┌─ Given records
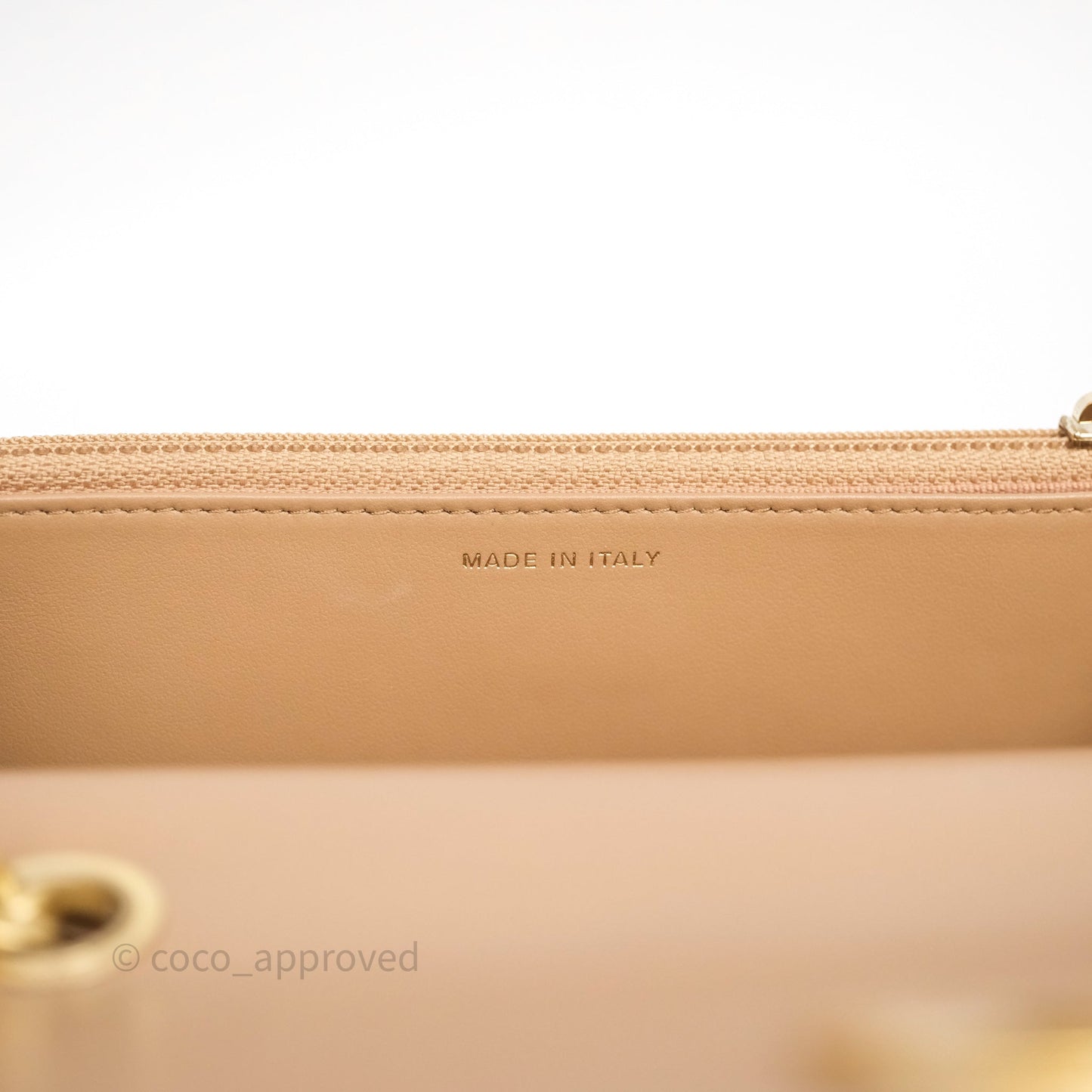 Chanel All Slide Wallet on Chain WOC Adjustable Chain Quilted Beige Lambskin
└─
┌─ Given records
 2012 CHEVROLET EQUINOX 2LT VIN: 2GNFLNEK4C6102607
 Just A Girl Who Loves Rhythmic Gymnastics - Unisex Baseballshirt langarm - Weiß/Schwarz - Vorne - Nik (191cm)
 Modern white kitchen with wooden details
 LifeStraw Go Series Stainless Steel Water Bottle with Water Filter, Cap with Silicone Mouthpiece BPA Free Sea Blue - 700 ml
└─
┌─ Given records
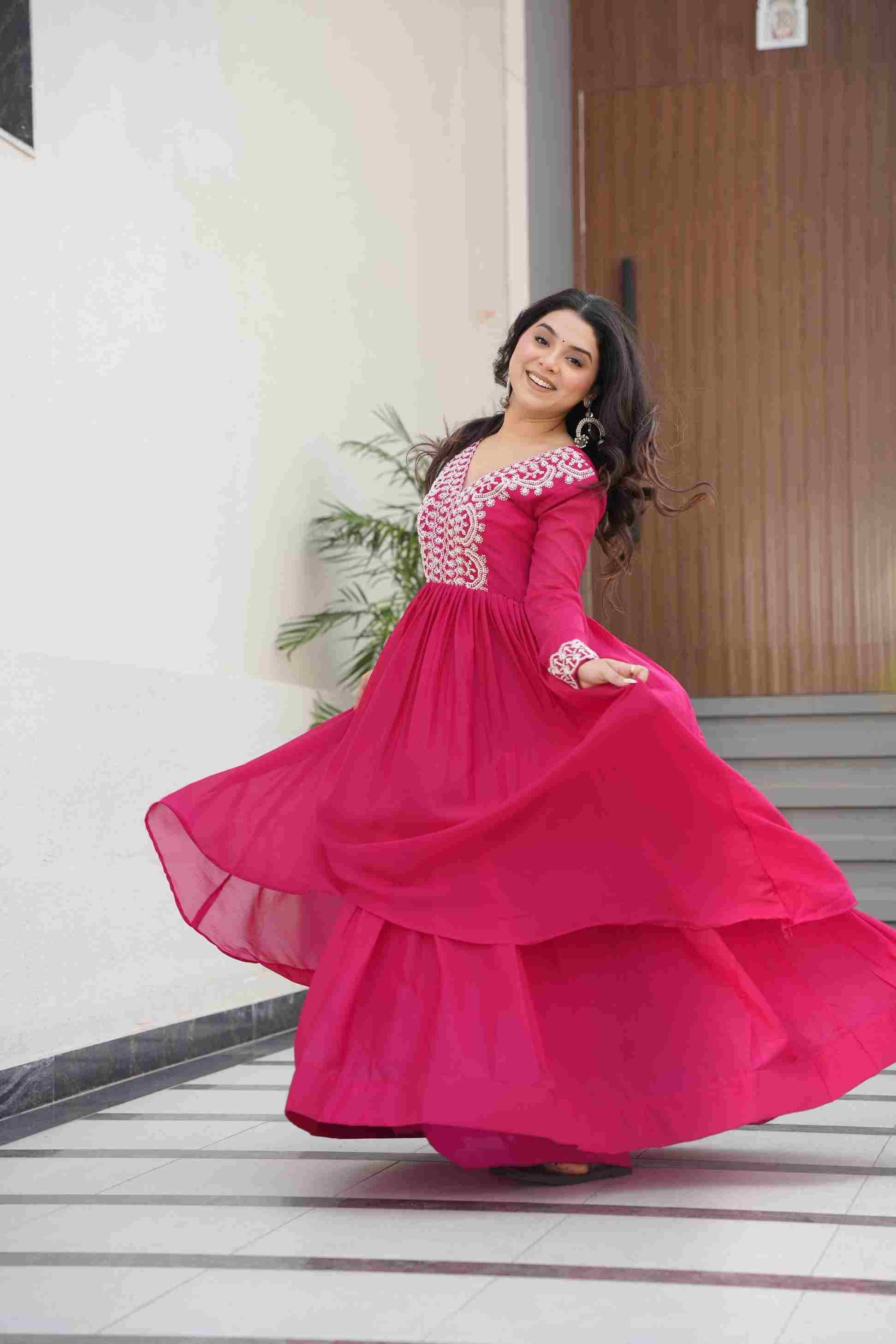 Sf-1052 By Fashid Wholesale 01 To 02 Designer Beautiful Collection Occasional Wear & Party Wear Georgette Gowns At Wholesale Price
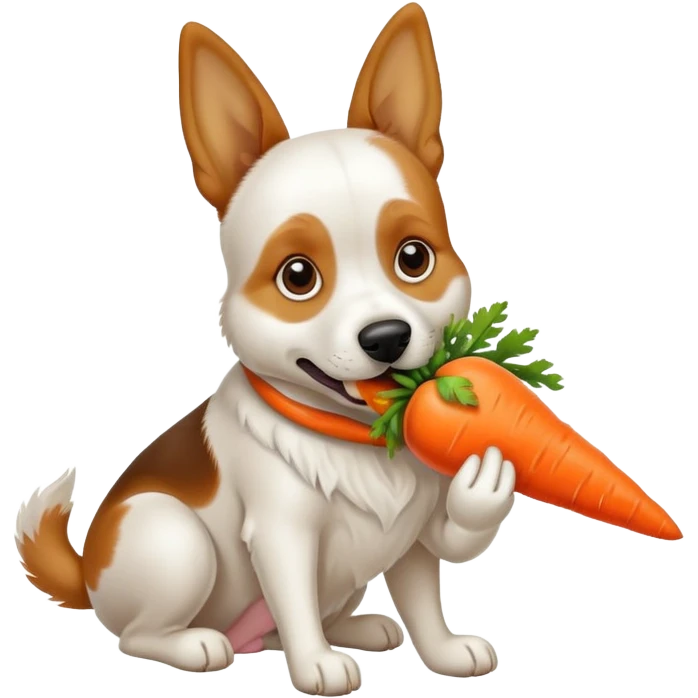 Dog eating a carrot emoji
└─
- [Work item]: A single number, please: how many lines in the data above contain the string "with"?

- [Result of this exercise]: 2